== Dataset content ==
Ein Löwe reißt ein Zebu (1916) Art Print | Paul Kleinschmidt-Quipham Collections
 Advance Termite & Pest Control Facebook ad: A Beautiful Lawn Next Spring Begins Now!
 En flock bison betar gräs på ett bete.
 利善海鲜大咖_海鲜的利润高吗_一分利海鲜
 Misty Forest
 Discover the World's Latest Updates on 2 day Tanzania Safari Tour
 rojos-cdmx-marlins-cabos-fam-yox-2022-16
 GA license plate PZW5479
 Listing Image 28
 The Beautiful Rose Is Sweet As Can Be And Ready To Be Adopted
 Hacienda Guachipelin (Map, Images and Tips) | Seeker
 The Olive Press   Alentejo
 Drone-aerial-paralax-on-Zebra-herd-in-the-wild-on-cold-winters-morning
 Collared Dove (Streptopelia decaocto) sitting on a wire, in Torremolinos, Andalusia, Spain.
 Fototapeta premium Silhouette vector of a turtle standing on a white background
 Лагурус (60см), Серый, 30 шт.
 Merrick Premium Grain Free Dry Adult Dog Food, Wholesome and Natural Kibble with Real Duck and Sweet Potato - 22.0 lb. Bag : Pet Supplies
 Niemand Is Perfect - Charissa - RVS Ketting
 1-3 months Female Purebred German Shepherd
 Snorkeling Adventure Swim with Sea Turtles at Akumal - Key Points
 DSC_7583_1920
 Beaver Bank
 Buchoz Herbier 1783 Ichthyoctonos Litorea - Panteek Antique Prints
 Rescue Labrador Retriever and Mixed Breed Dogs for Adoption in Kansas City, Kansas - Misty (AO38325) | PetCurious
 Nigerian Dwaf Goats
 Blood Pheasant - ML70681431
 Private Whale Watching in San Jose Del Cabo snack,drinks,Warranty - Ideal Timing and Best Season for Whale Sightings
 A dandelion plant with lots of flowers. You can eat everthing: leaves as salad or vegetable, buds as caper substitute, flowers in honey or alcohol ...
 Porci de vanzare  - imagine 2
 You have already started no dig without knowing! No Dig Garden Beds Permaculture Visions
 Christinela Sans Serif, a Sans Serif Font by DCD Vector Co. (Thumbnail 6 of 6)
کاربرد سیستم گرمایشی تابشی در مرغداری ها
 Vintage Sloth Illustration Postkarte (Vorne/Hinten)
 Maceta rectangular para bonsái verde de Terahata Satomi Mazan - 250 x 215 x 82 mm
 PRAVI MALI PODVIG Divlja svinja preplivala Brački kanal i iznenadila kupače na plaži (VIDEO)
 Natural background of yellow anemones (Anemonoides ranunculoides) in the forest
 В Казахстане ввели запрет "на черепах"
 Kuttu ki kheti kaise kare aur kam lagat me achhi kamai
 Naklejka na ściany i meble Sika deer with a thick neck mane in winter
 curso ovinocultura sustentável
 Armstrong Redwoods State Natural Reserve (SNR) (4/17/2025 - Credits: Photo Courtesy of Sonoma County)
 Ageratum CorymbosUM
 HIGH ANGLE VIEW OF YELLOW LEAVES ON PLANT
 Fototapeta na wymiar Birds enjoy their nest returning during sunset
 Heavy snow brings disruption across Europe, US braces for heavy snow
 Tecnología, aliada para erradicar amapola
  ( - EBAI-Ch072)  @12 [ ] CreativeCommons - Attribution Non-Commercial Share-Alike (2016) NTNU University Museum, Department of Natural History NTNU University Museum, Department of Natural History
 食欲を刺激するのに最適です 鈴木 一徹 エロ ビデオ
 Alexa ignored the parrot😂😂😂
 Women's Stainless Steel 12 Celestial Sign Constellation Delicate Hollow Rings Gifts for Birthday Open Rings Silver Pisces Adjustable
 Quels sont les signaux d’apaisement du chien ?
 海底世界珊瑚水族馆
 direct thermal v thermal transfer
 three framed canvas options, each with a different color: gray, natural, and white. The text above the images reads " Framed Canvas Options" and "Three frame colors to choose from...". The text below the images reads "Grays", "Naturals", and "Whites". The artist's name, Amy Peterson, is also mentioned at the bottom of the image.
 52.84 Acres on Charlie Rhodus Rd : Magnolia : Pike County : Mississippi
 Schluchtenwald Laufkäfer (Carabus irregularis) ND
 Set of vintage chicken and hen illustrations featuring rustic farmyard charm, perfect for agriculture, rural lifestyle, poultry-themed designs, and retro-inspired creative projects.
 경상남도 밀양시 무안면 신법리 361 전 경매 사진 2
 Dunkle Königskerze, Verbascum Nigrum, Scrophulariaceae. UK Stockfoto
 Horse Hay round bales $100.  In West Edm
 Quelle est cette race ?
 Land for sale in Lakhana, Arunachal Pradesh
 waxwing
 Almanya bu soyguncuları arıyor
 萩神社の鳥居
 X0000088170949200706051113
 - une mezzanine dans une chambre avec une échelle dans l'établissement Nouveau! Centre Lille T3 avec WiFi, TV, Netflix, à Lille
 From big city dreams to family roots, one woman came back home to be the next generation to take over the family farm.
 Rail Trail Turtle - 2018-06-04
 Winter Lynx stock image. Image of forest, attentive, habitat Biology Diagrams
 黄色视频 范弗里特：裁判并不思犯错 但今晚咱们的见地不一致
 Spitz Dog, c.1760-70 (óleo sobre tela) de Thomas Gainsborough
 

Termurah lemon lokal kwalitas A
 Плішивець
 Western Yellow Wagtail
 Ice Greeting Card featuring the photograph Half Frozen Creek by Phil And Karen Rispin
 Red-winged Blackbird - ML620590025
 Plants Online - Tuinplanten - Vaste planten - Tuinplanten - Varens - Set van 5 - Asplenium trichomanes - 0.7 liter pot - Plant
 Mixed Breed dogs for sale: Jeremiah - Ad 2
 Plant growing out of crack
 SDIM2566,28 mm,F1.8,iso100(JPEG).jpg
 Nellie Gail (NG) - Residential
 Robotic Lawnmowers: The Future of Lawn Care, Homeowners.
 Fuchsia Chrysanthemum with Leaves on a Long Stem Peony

== Problem details ==
Find the string "Mixed" in the entries above and return each line that holds it.

== Output of the exercise ==
 Rescue Labrador Retriever and Mixed Breed Dogs for Adoption in Kansas City, Kansas - Misty (AO38325) | PetCurious
 Mixed Breed dogs for sale: Jeremiah - Ad 2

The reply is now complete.